Opening data: Have you checked your pipes? by Bob Lannon.
From the post:
Code for America alum Dave Guarino had a post recently entitled “ETL for America”. In it, he highlights something that open data practitioners face with every new project: the problem of Extracting data from old databases, Transforming it to suit a new application or analysis and Loading it into the new datastore that will support that new application or analysis. Almost every technical project (and every idea for one) has this process as an initial cost. This cost is so pervasive that it’s rarely discussed by anyone except for the wretched “data plumber” (Dave’s term) who has no choice but to figure out how to move the important resources from one place to another.
Why aren’t we talking about it?
The up-front costs of ETL don’t come up very often in the open data and civic hacking community. At hackathons, in funding pitches, and in our definitions of success, we tend to focus on outputs (apps, APIs, visualizations) and treat the data preparation as a collateral task, unavoidable and necessary but not worth “getting into the weeds” about. Quoting Dave:
The fact that I can go months hearing about “open data” without a single
mention of ETL is a problem.

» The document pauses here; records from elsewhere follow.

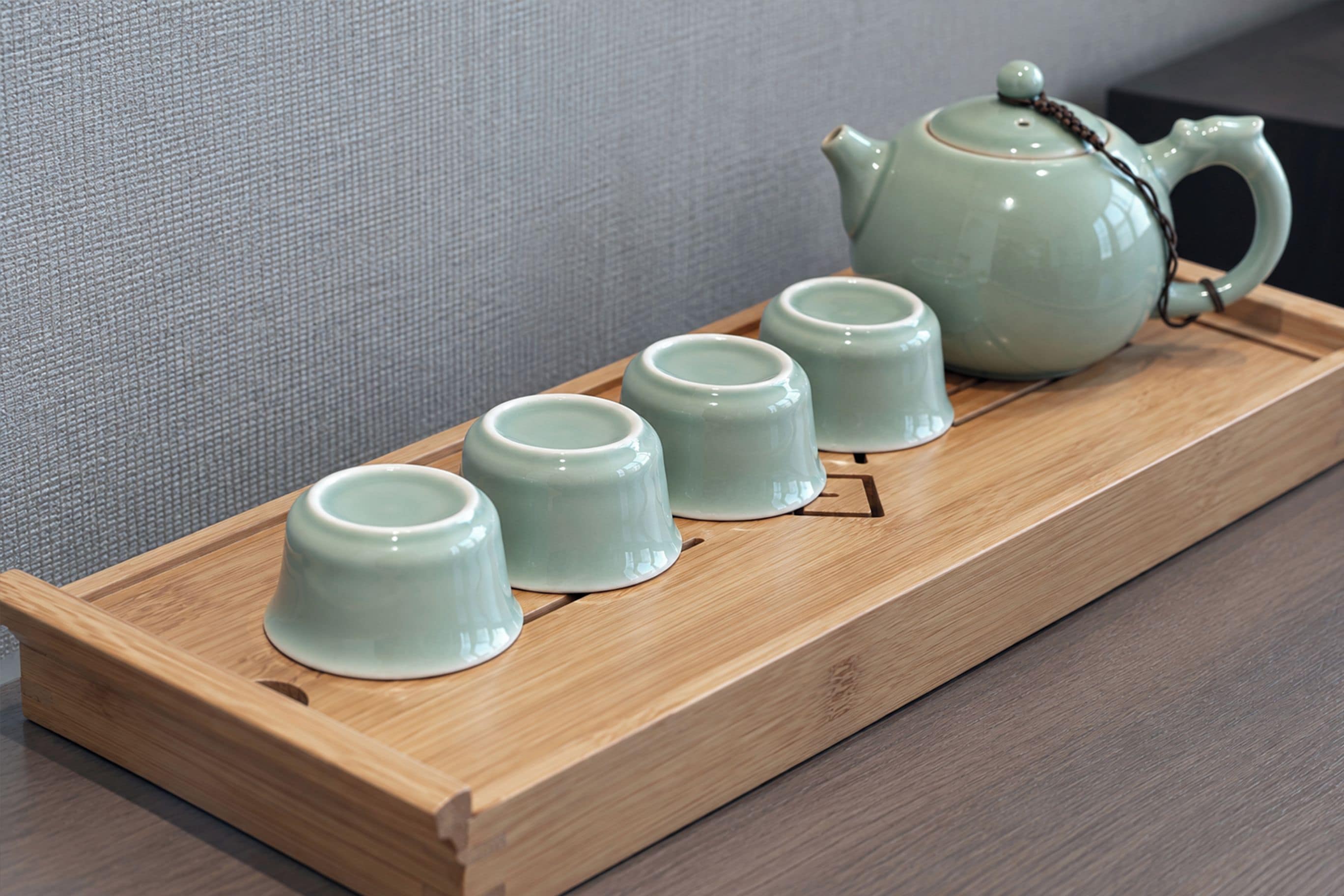 A tray with four ceramic cups and a teapot on a wooden tray.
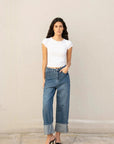 Une jeune femme porte un jean à jambe large et ourlets retroussés, mettant en avant le style casual du jean ample femme avec un tee-shirt blanc.
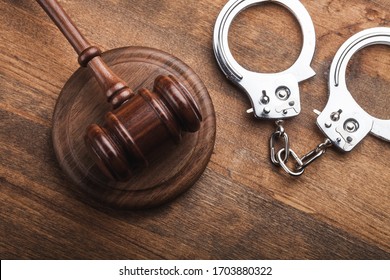 Arrest concept. Metal handcuffs near judge gavel
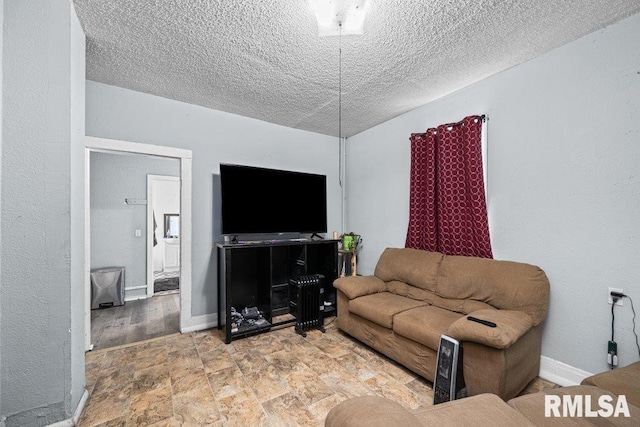 living room with stone finish floor, a textured wall, baseboards, and a textured ceiling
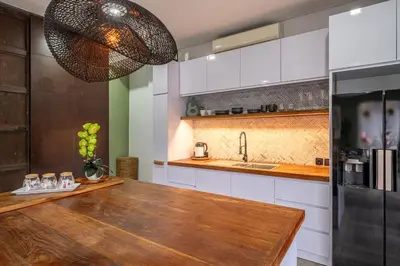a kitchen with a wooden table and a refrigerator at Villa 121 - Modern 1BR Villa Near Batu Belig Beach in Seminyak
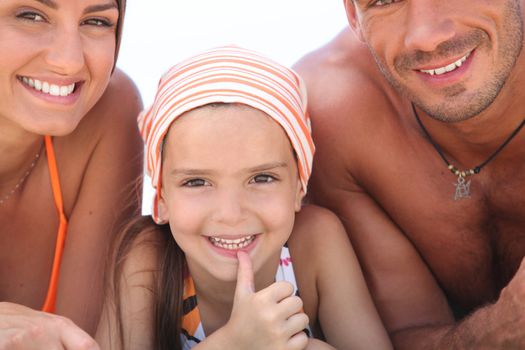 Young girl lying between her parents on the beach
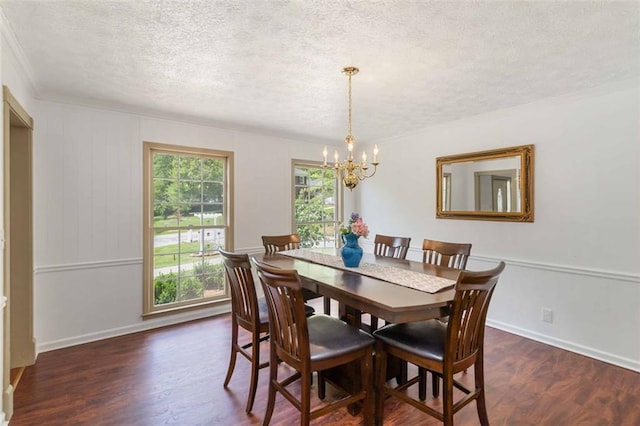 dining area with a textured ceiling, crown molding, baseboards, a chandelier, and dark wood-type flooring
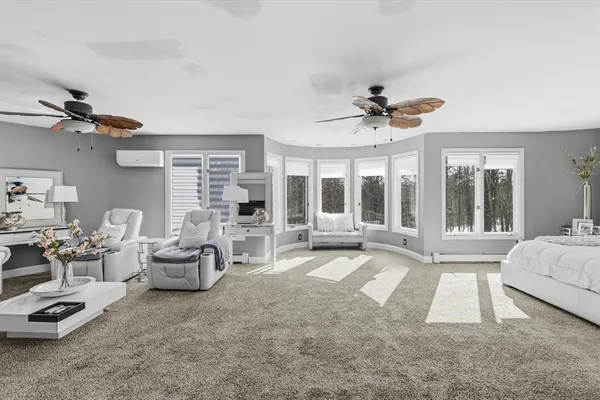 a bedroom with a bed and a lamp on table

ETL is the pipes of your house: it’s how you
open data.
It’s difficult to point to evidence that this is really the case, but I personally share Dave’s experience. To me, it’s still the elephant in the room during the proceedings of any given hackathon or open data challenge. I worry that the open data community is somehow under the false impression that, eventually in the sunny future, data will be released in a more clean way and that this cost will decrease over time.
It won’t. Open data might get cleaner, but no data source can evolve to the point where it serves all possible needs. Regardless of how easy it is to read, the data published by government probably wasn’t prepared with your new app idea in mind.

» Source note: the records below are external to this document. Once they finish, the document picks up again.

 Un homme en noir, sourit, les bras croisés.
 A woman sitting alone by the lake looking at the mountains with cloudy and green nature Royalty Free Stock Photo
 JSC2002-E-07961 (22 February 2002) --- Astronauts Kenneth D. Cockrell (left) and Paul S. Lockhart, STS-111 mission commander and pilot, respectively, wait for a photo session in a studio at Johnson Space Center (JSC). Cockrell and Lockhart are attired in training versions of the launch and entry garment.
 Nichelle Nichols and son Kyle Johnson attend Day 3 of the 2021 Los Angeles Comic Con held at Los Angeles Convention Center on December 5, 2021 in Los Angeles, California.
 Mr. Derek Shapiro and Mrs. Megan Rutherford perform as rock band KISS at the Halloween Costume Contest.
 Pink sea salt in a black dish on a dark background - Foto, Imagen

Data transformation will always be necessary, and it’s worth considering apart from the development of the next cool interface. It’s a permanent cost of developing new things in our space, so why aren’t we putting more resources toward addressing it as a problem in its own right? Why not spend some quality time (and money) focused on data preparation itself, and then let a thousand apps bloom?
…
If you only take away this line:
Open data might get cleaner, but no data source can evolve to the point where it serves all possible needs. (emphasis added)
From Bob’s entire post, reading it has been time well spent.
Your “clean data” will at times be my “dirty data” and vice versa.
Documenting the semantics we “see” in data and that drives our transformations into “clean” data for us, stands a chance of helping the next person in the line to use that data.
Think of it as an accumulation of experience with a data sets and the results obtained from it.
Or you can just “wing it” with ever data set you encounter and so shall we all.
Your call.
I first saw this in a tweet by Dave Guarino.